Bernhardt v. American Railway Express Co.

218 A.D. 195 | N.Y. App. Div. | 1926

Davis, J.

The defendant received at Cleveland, 0., two trunks for transportation to a consignee at 35 Spruce street, Buffalo. The trunks having arrived at Buffalo by rail, defendant on the morning of July 4, 1925, sent a truck to deliver them at the address given. On arriving there the driver learned it was a house in which several families resided. He rapped at the rear door which was opened by plaintiff. The driver made inquiry and ascertained that the consignee resided upstairs in the rear but was temporarily *196.absent. Evidently the driver stated his errand and plaintiff says asked a hand with the trunks.” The driver says plaintiff volunteered his assistance. In view of the verdict we will assume the plaintiff’s version to be correct.

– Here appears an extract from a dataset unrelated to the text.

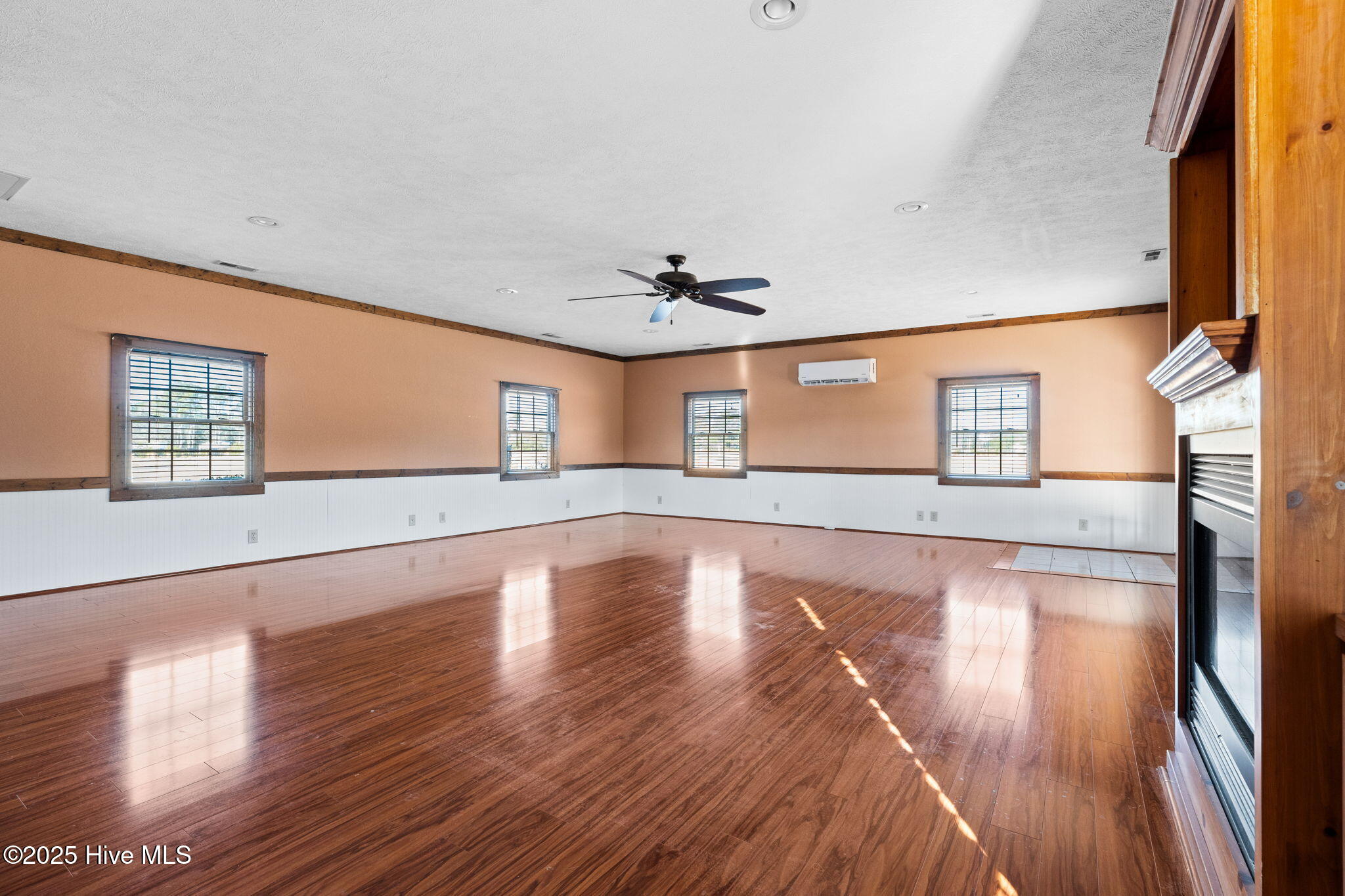 78 Mclamb Court Property Photo 21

They then went out to the truck accompanied by the plaintiff’s nephew, a boy of nineteen. The plaintiff and the driver proceeded to unload one of the trunks. In some manner the end at which plaintiff was located fell or dropped on plaintiff’s right forearm cracking the bone. For the alleged negligence of the driver in the manner of unloading, the plaintiff has a small verdict for damages.

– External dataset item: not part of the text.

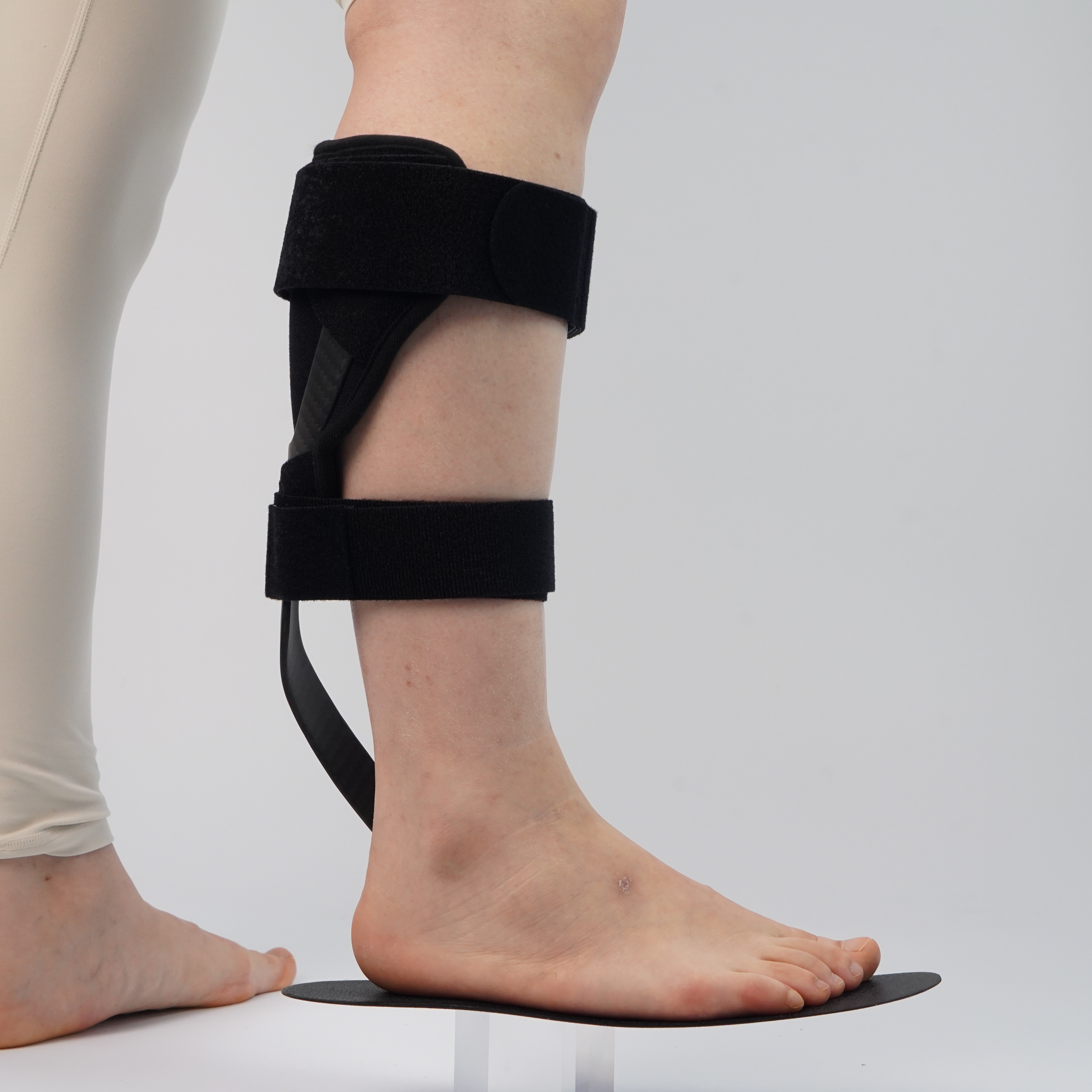 Kaufen Knöchel-Fuß-Orthese aus Kohlefaser zur Unterstützung des Fußes nach Schlaganfall und bei Achillessehnenverletzungen;Knöchel-Fuß-Orthese aus Kohlefaser zur Unterstützung des Fußes nach Schlaganfall und bei Achillessehnenverletzungen Preis;Knöchel-Fuß-Orthese aus Kohlefaser zur Unterstützung des Fußes nach Schlaganfall und bei Achillessehnenverletzungen Marken;Knöchel-Fuß-Orthese aus Kohlefaser zur Unterstützung des Fußes nach Schlaganfall und bei Achillessehnenverletzungen Hersteller;Knöchel-Fuß-Orthese aus Kohlefaser zur Unterstützung des Fußes nach Schlaganfall und bei Achillessehnenverletzungen Zitat;Knöchel-Fuß-Orthese aus Kohlefaser zur Unterstützung des Fußes nach Schlaganfall und bei Achillessehnenverletzungen Unternehmen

It is difficult to determine from the pleading, proof and argument on just what theory the plaintiff’s verdict is based, assuming that the driver was careless in the handling of the trunk. There is evidence that the driver had no assistant and that after plaintiff was injured his nephew came forward and helped carry this trunk to the place of delivery. The other trunk of substantially the same size and weight the driver delivered unaided.

The description given by all witnesses indicates that it was a common trunk of ordinary size. Plaintiff makes no attempt to estimate its weight, so the driver’s statement is undisputed that it weighed from 100 to 125 pounds. These facts certainly created no emergency authorizing the driver to employ one to assist him and no other authority is shown. In fact, the counsel for plaintiff makes no claim of emergency employment. The chief argument for sustaining the verdict seems to rest on the theory that as the accident occurred in the street, the plaintiff was rightfully in the place where he was injured.

The question of liability of the owner or master to one who voluntarily or by invitation of an employee engages in work and sustains injury, is generally troublesome. Much depends upon whether there was an emergency, the authority of the servant who calls for further assistance, the place where the work is performed, the interest in the work of the party assisting, the age of the person invited or volunteering, whether adult or minor, whether the injury occurred through a detail of the work or because of a danger or defect existing in the place where the work was being done, or in the instrumentalities by which it was performed, or if the injury resulted from some willful or wanton act. Other elements no doubt may exist so that each case must be determined on its particular facts. (See Geibel v. Elwell, 19 App. Div. 285; Fiesel v. New York Edison Co., 123 id. 676; Manifold v. U. S. Trucking Corp., 209 id. 633; Cannon v. Fargo, 222 N. Y. 321.)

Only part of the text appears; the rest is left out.